> _Task to carry out_: Below are some records. Retype exactly the lines from the one containing "Cmidy Keychain Clasp" through the one containing "Best side part", both included, skipping every picture.

> _Task input_:
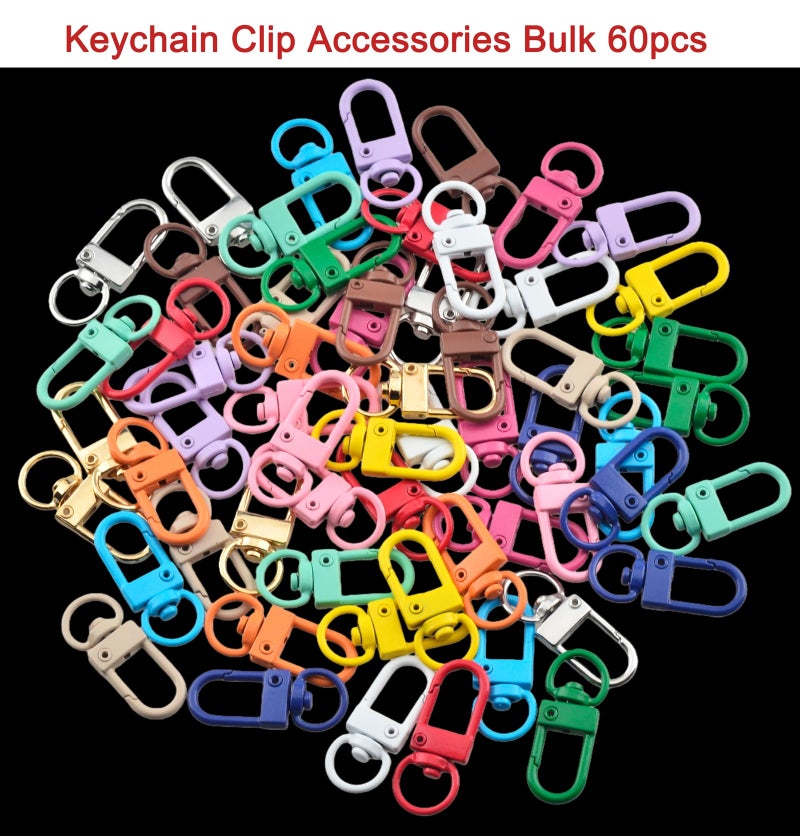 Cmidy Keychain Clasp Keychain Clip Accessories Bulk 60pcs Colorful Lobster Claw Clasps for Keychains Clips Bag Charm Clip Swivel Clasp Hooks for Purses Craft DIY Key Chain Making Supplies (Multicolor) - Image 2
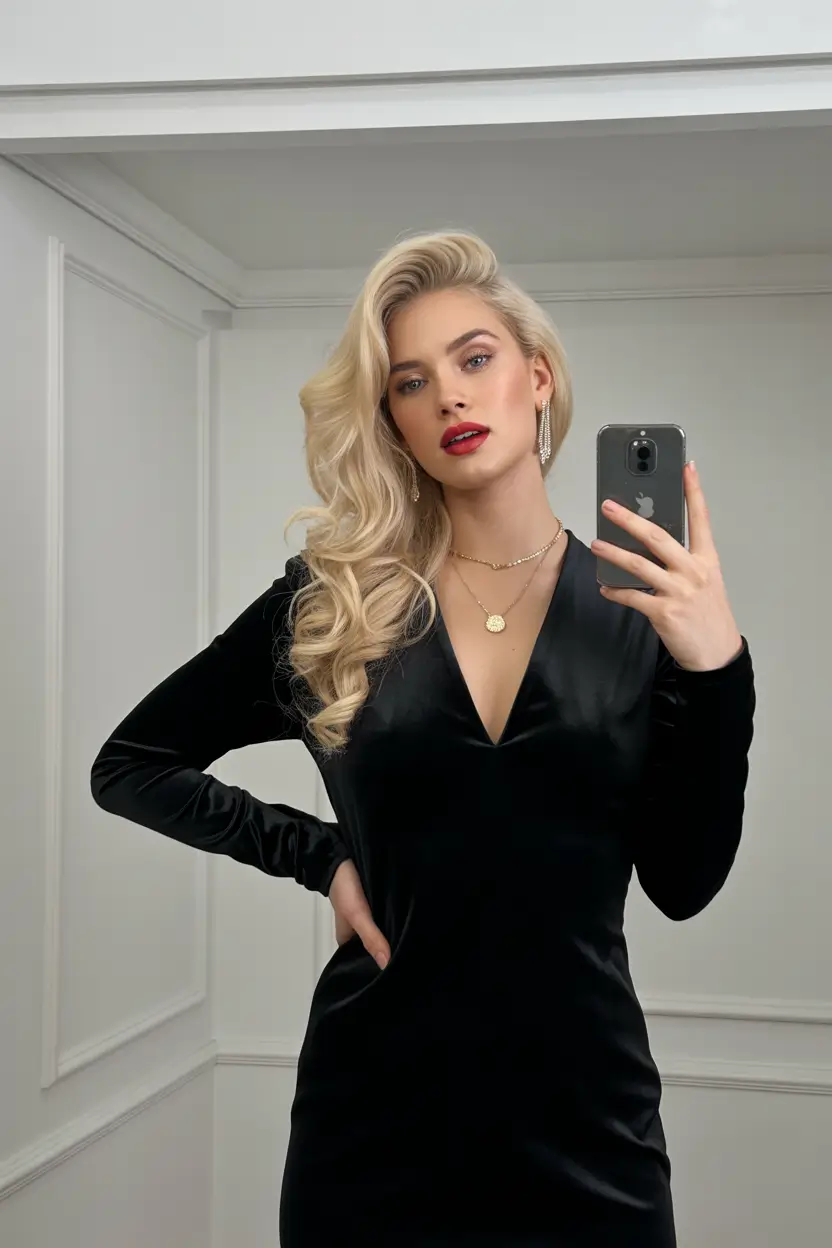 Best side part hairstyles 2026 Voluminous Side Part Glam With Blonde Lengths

...

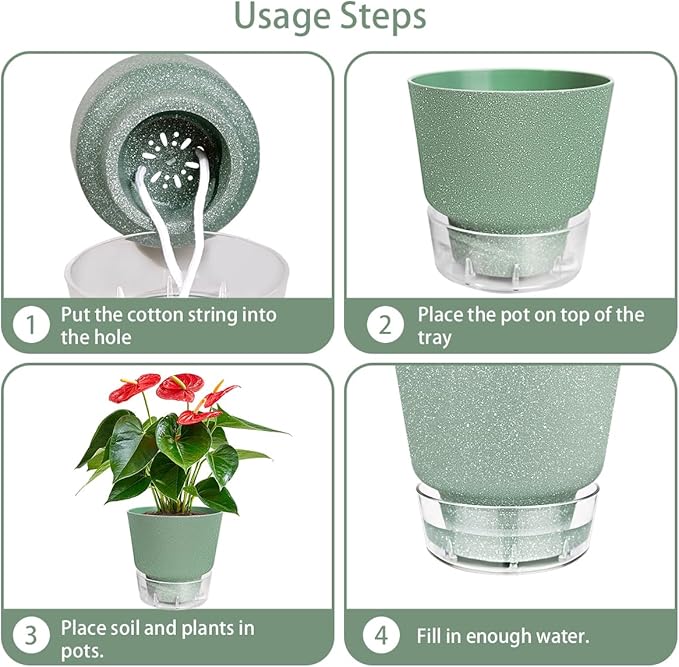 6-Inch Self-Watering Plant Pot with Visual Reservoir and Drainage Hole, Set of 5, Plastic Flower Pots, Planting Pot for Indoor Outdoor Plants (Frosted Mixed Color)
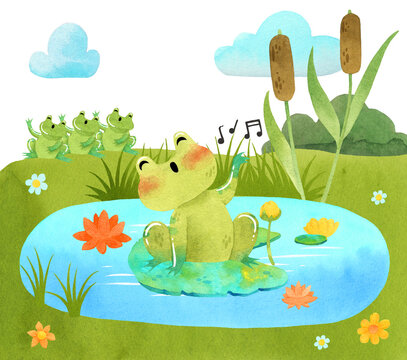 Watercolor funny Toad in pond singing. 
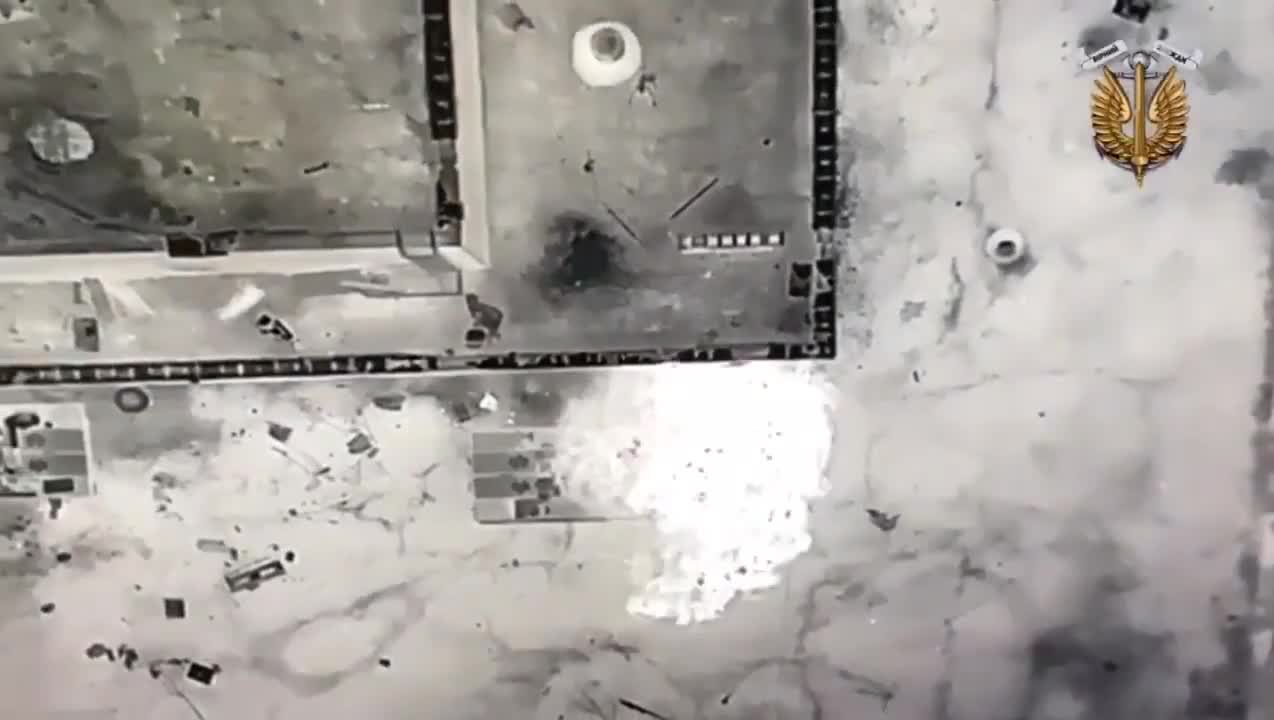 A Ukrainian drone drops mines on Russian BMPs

> _Result_:
 Cmidy Keychain Clasp Keychain Clip Accessories Bulk 60pcs Colorful Lobster Claw Clasps for Keychains Clips Bag Charm Clip Swivel Clasp Hooks for Purses Craft DIY Key Chain Making Supplies (Multicolor) - Image 2
 Best side part hairstyles 2026 Voluminous Side Part Glam With Blonde Lengths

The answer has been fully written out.